> **Supplied information**:
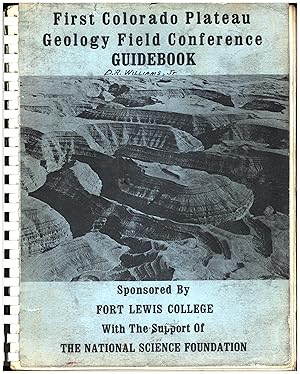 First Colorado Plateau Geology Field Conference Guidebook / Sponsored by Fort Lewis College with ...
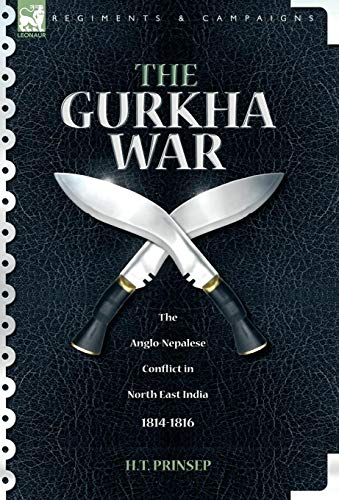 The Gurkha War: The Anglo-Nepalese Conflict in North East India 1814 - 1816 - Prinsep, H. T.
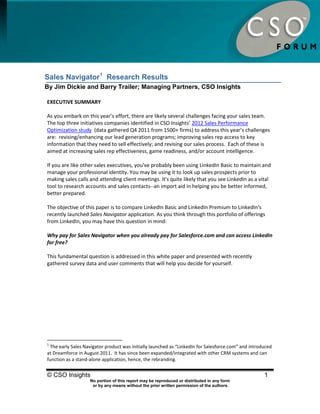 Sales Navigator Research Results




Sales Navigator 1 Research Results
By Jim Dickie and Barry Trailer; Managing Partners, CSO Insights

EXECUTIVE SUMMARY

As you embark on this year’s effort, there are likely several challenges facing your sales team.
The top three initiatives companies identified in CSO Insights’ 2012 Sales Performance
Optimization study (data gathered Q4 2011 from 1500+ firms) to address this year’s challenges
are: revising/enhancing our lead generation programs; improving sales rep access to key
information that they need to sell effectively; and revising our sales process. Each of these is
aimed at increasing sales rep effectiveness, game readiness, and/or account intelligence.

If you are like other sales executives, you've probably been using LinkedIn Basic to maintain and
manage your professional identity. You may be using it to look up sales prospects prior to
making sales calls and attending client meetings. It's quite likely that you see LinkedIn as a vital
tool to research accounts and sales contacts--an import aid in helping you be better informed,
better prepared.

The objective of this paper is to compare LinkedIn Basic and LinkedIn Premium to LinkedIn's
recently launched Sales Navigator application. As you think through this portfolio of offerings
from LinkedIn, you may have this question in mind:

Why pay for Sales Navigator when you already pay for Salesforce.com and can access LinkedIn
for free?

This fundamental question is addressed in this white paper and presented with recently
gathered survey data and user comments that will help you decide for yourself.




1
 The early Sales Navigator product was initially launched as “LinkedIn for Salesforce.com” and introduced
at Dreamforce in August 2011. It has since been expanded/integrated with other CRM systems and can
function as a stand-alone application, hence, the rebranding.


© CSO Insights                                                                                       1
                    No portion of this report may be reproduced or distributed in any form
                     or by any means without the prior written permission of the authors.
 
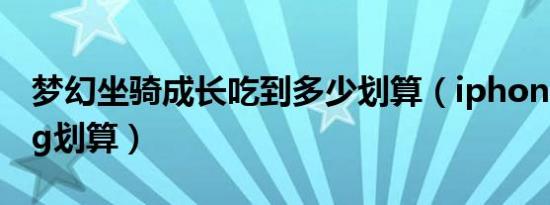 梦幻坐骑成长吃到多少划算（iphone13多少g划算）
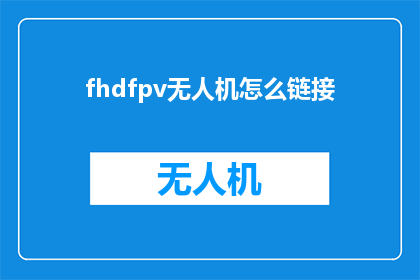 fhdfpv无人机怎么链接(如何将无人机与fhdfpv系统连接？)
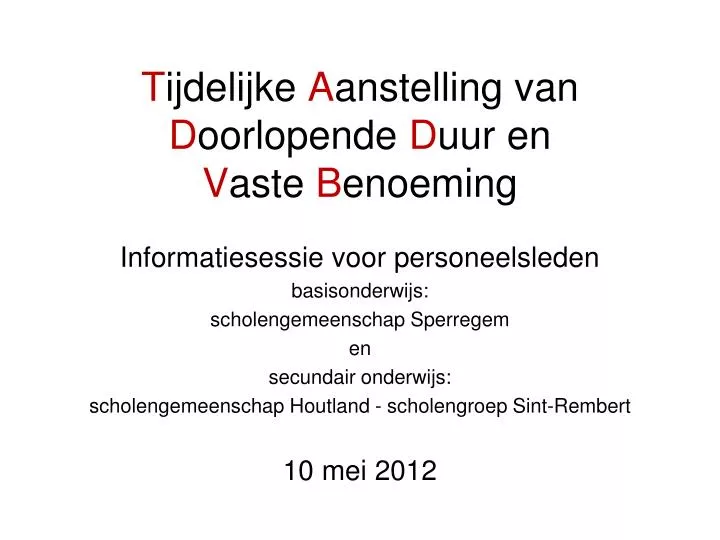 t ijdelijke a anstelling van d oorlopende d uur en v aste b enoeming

> **Task to complete**: Could you return exactly the stretch of the data above that starts at the line with "The top three" and ends at the line with "information that they", both lines included?

> **Written response**:
The top three initiatives companies identified in CSO Insights’ 2012 Sales Performance
Optimization study (data gathered Q4 2011 from 1500+ firms) to address this year’s challenges
are: revising/enhancing our lead generation programs; improving sales rep access to key
information that they need to sell effectively; and revising our sales process. Each of these is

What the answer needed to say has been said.